Model Overview
anakin87/gemma-2b-orpo is a 2.6 billion parameter language model developed by anakin87, fine-tuned from the google/gemma-2b base model. It utilizes the ORPO (Odds Ratio Preference Optimization) training paradigm, which integrates supervised fine-tuning and preference alignment into a single, more efficient process. This approach offers benefits such as faster training and lower memory consumption compared to traditional methods like DPO, as it does not require a reference model.
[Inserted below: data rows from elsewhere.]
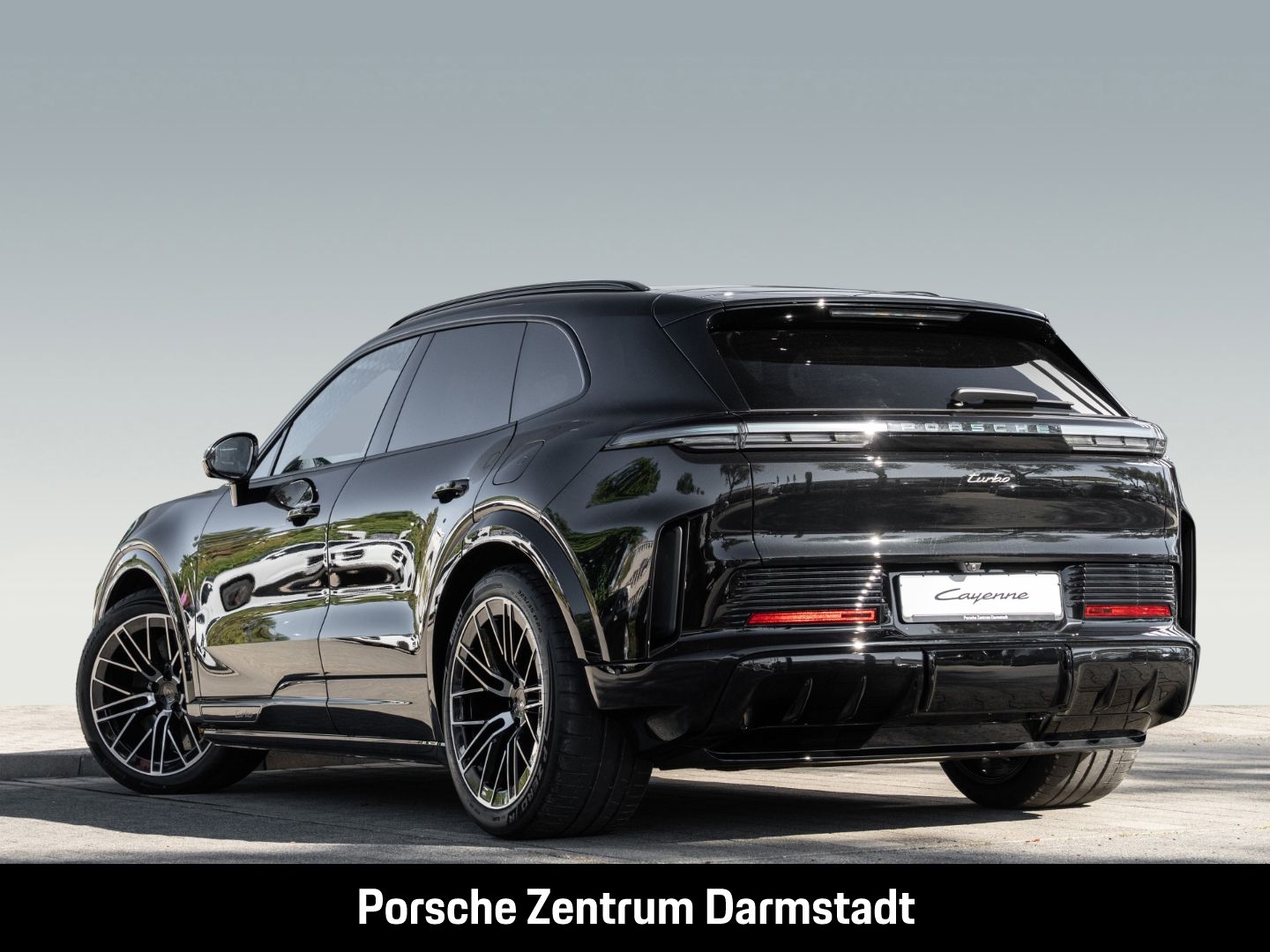 Porsche Cayenne Turbo Electric imagem 3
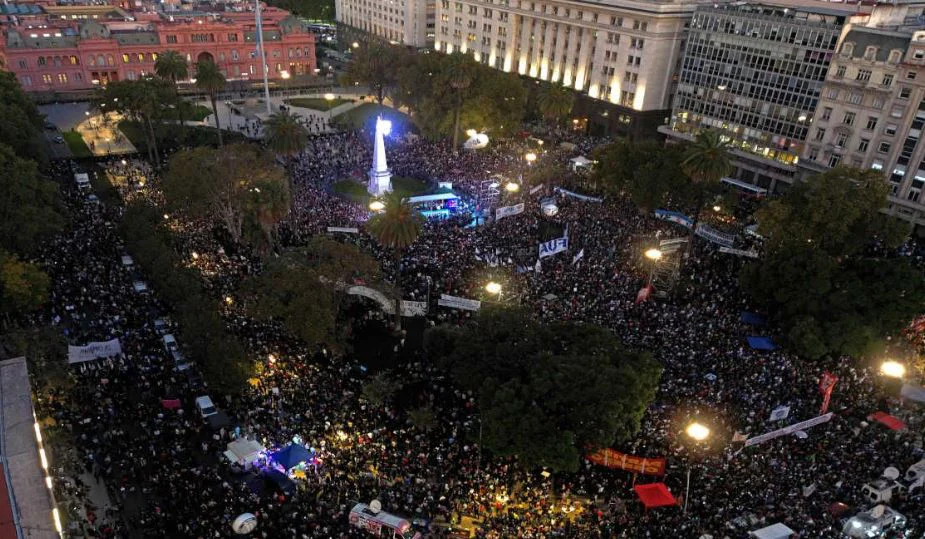 marcha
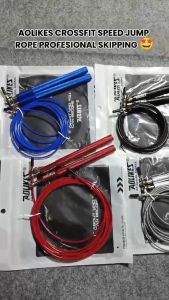 AOLIKES 3202 Lompat Tali Skipping Jump Rope Gym Fitness Yoga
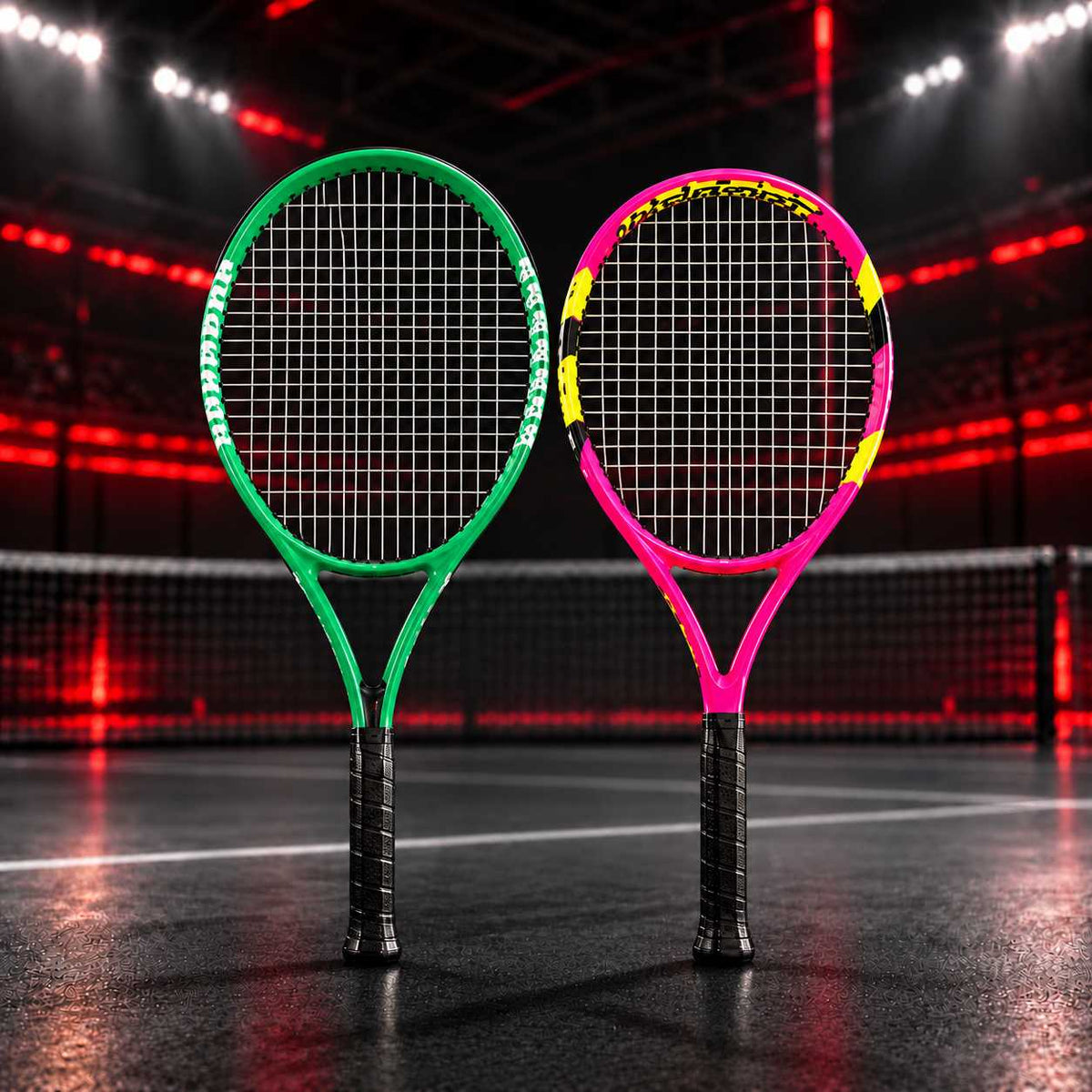 Tennis Rackets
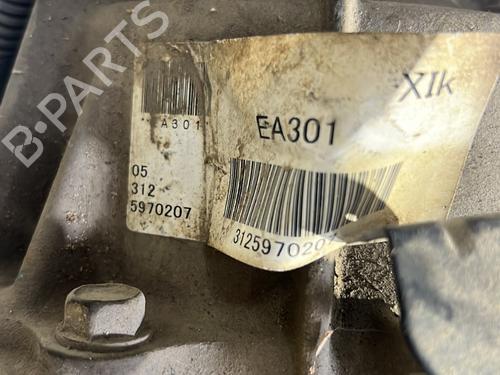 Gearbox NISSAN NAVARA NP300 (D40) 2.5 dCi 4WD | BP28354338M3 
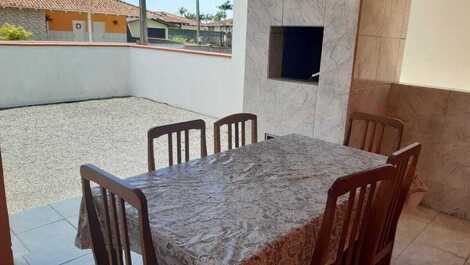 Apartamentos para temporada em São Francisco do Sul-SC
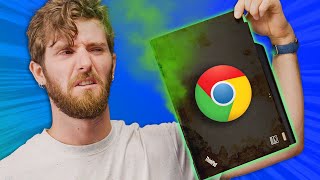 Buying a Chromebook was a BIG MISTAKE  Chrome OS Flex [upl. by Sneve]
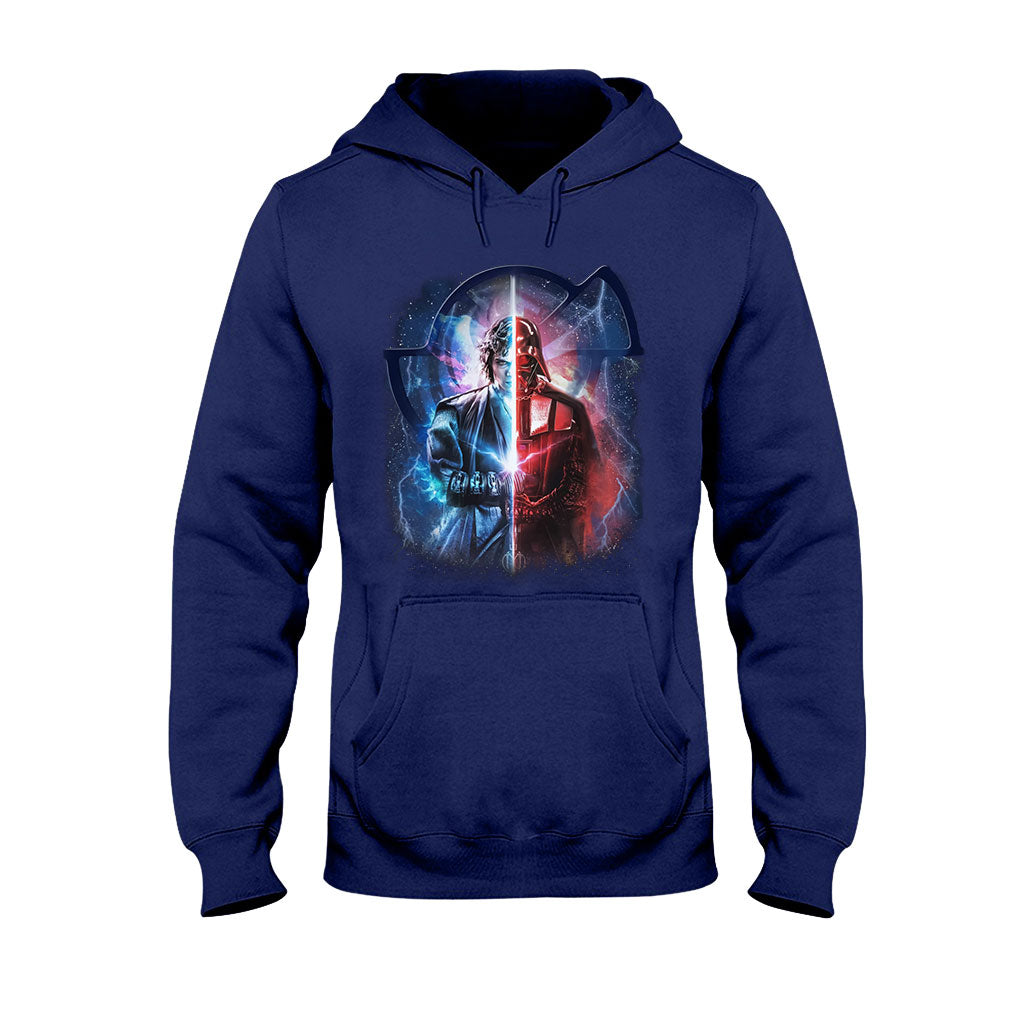 The Force - The Force T-shirt And Hoodie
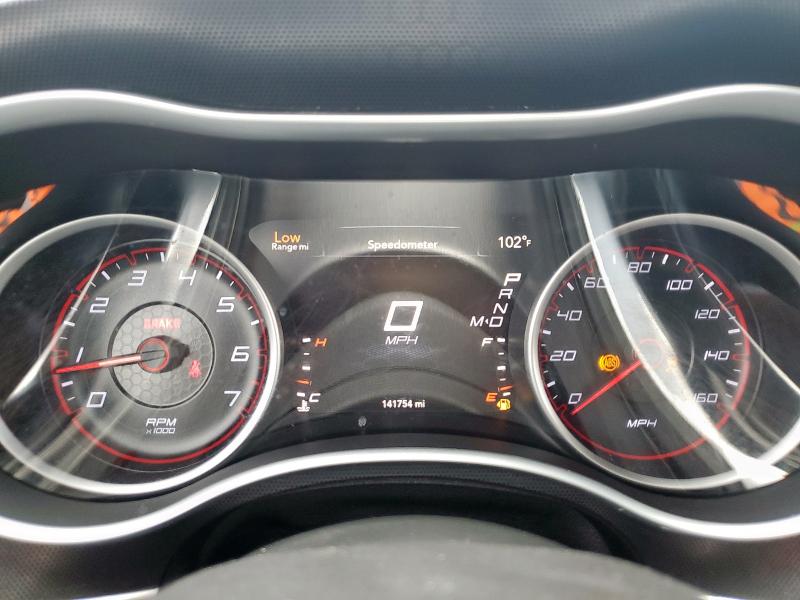 2015 DODGE CHARGER R/ 2C3CDXCT6FH914858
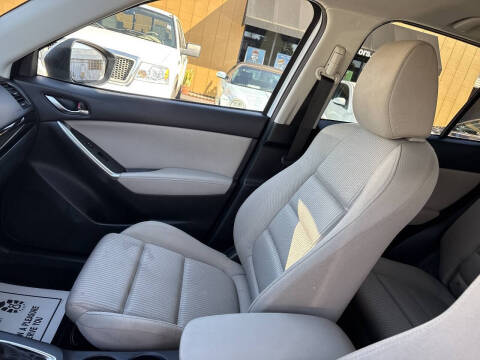 2014 Mazda CX-5 Touring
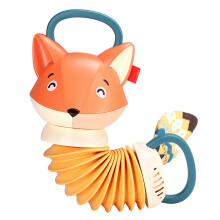Kinder Tier-Form PKW-Akkordeon Spielzeug, Klang & Musik, Kunststoff Kinderschulisches Instrument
Key Capabilities & Performance
This model demonstrates competitive performance for its size, as evaluated on various benchmarks:
- Nous Benchmark Suite: Achieves an average score of 39.45, outperforming
mlabonne/Gemmalpaca-2B, google/gemma-2b-it, and the base google/gemma-2b model. - Open LLM Leaderboard: Records an average score of 47.35, which is higher than
google/gemma-2b-it's average of 42.75. - Specific scores include 49.15 on AI2 Reasoning Challenge and 73.72 on HellaSwag.
Training Details
The model was trained using the alvarobartt/dpo-mix-7k-simplified dataset, a streamlined version of argilla/dpo-mix-7k. Training was conducted using the Hugging Face TRL framework. A quantized GGUF version is also available for efficient deployment.
Usage
This model is suitable for general text generation tasks and can run smoothly on environments like Colab, even with quantization. Example usage for text generation with the Transformers library is provided, including a notebook for chat and RAG applications using Haystack.